Exercise aim: In the data below, find the line containing "Going back again" and the line containing "Step 4: Separate", then reproduce them and every line between, exactly. Omit pictures.

Records:
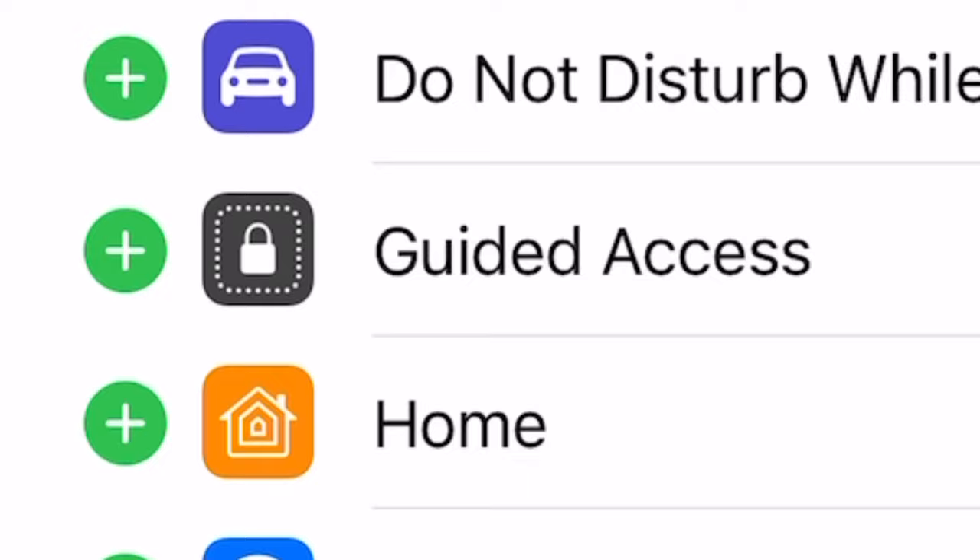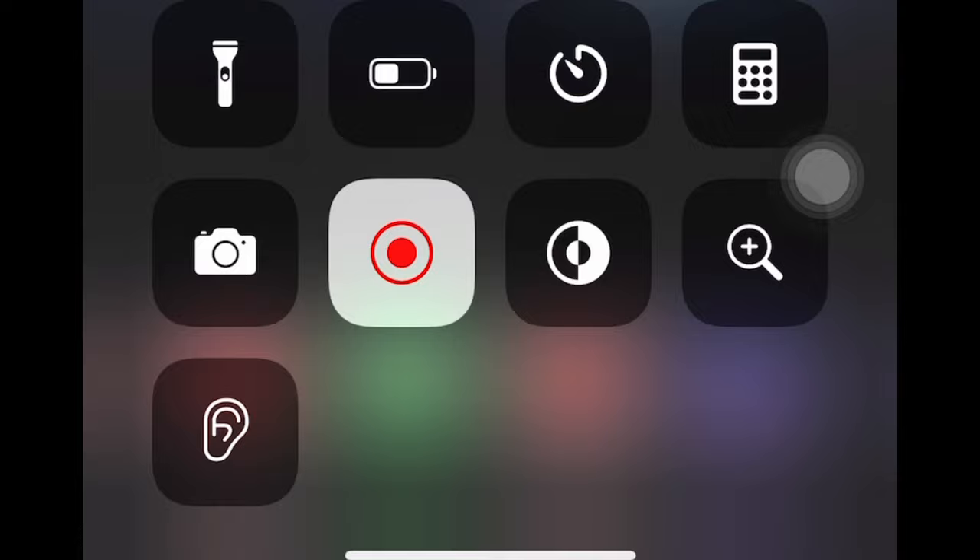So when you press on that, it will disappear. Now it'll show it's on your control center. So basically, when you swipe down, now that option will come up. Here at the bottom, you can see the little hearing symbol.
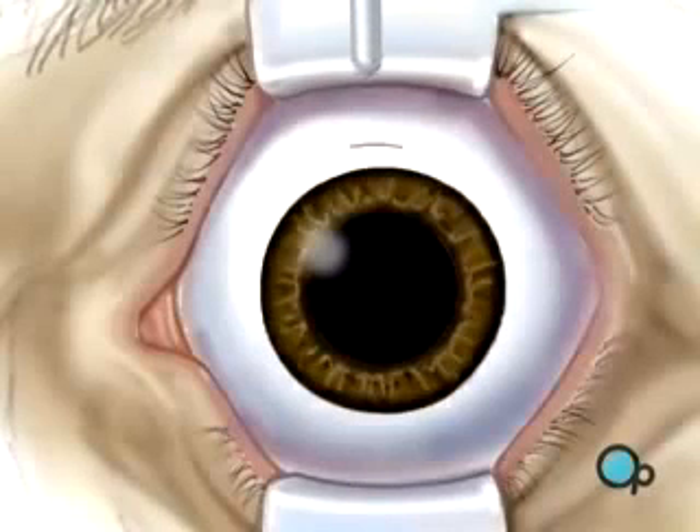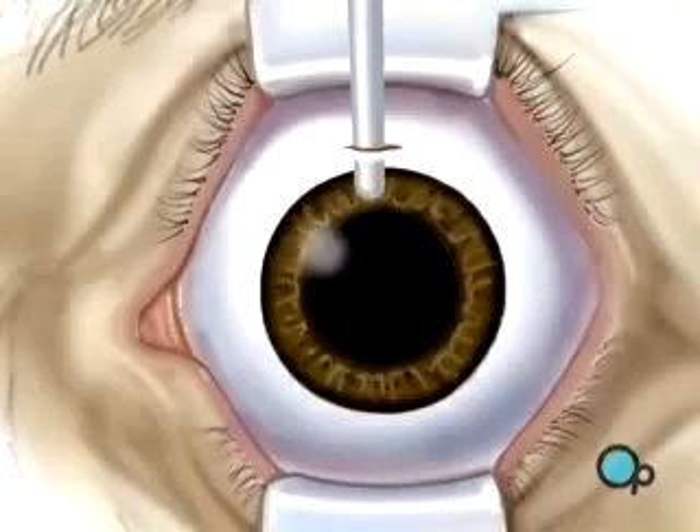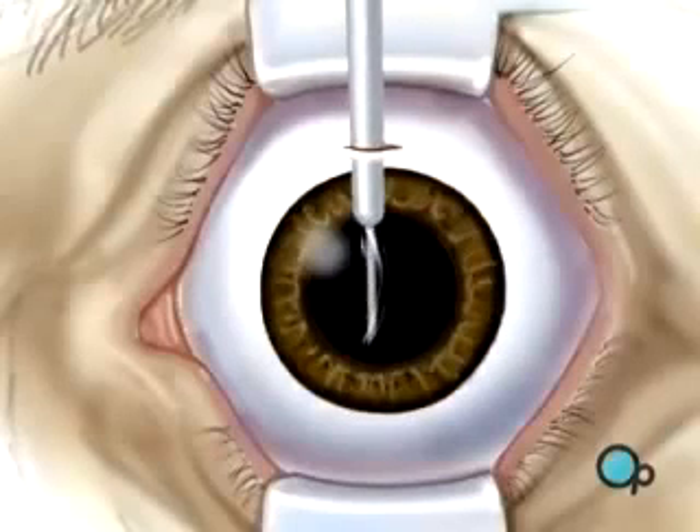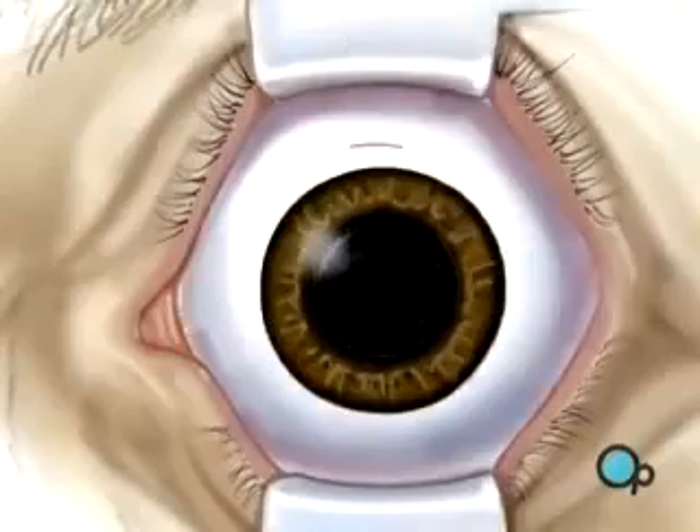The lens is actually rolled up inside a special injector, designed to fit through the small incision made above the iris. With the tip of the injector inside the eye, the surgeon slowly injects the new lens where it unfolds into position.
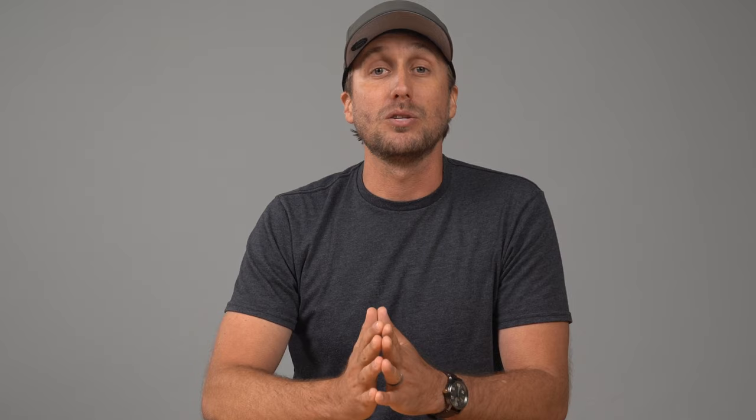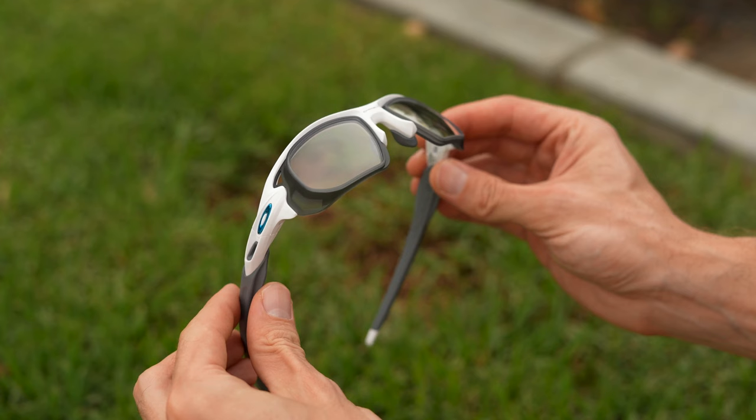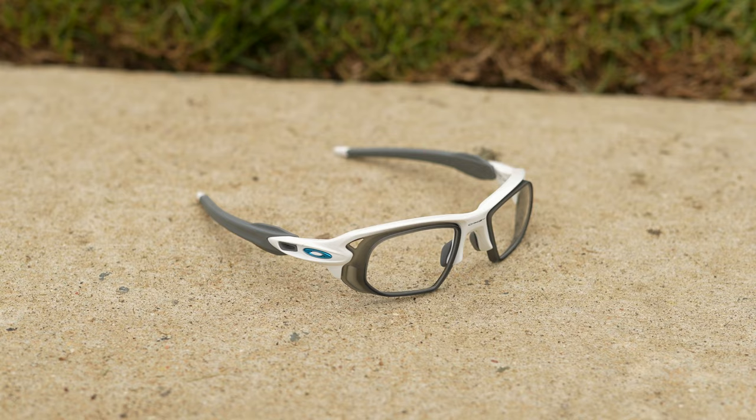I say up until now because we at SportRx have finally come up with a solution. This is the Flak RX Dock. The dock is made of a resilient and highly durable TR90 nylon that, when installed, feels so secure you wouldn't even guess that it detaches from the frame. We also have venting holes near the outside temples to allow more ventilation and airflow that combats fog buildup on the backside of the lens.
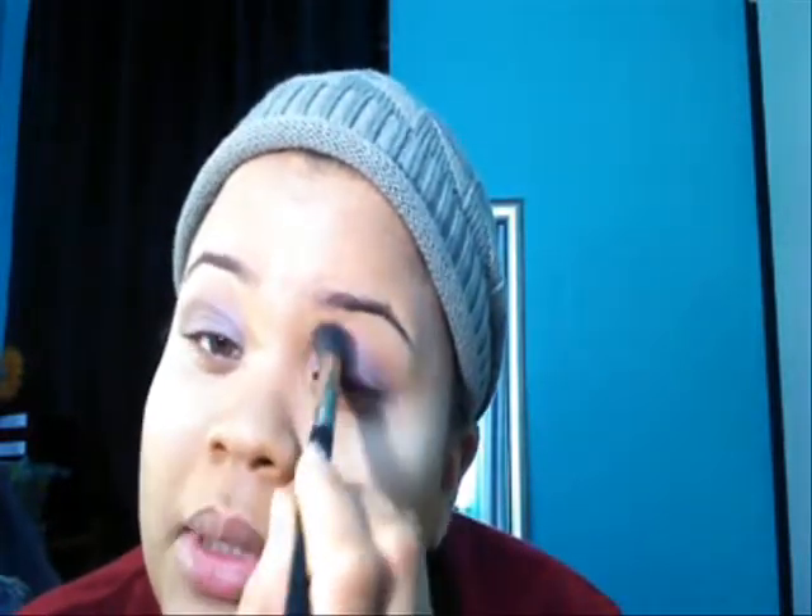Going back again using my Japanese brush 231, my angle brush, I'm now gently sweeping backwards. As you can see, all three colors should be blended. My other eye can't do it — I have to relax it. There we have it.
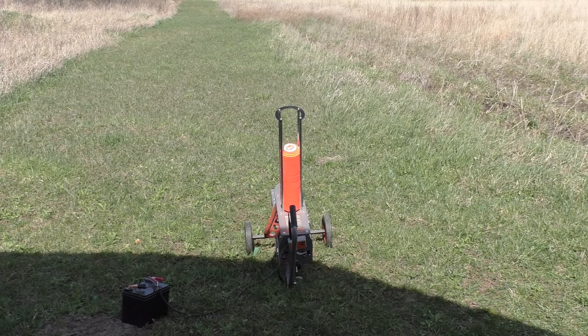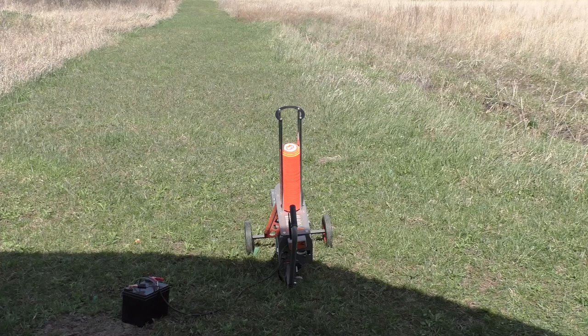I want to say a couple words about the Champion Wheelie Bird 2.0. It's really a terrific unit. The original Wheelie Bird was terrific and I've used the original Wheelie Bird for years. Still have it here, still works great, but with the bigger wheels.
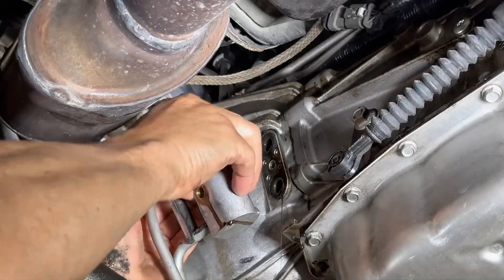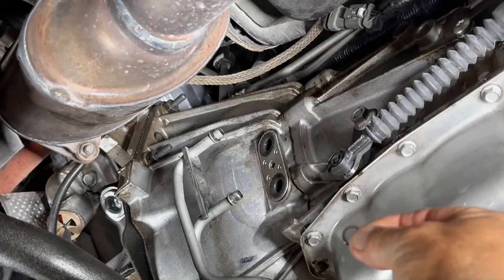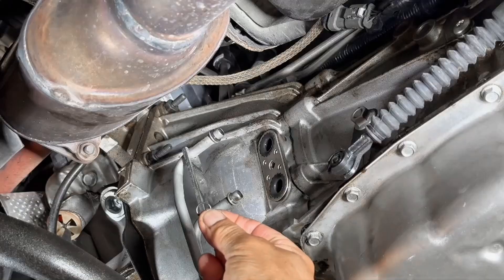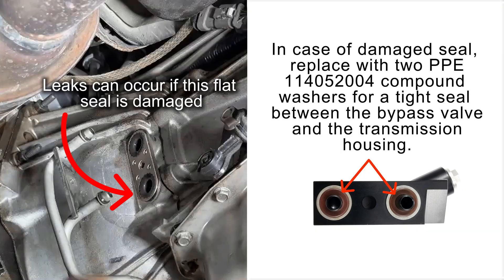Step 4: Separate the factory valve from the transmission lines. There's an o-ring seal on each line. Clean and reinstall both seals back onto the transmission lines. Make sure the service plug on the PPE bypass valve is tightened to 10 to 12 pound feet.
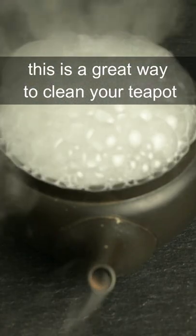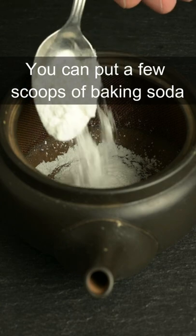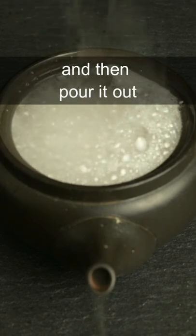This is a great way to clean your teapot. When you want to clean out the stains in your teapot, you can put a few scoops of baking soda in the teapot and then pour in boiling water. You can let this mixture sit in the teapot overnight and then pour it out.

Solution to this exercise:
Going back again using my Japanese brush 231, my angle brush, I'm now gently sweeping backwards. As you can see, all three colors should be blended. My other eye can't do it — I have to relax it. There we have it.
I want to say a couple words about the Champion Wheelie Bird 2.0. It's really a terrific unit. The original Wheelie Bird was terrific and I've used the original Wheelie Bird for years. Still have it here, still works great, but with the bigger wheels.
Step 4: Separate the factory valve from the transmission lines. There's an o-ring seal on each line. Clean and reinstall both seals back onto the transmission lines. Make sure the service plug on the PPE bypass valve is tightened to 10 to 12 pound feet.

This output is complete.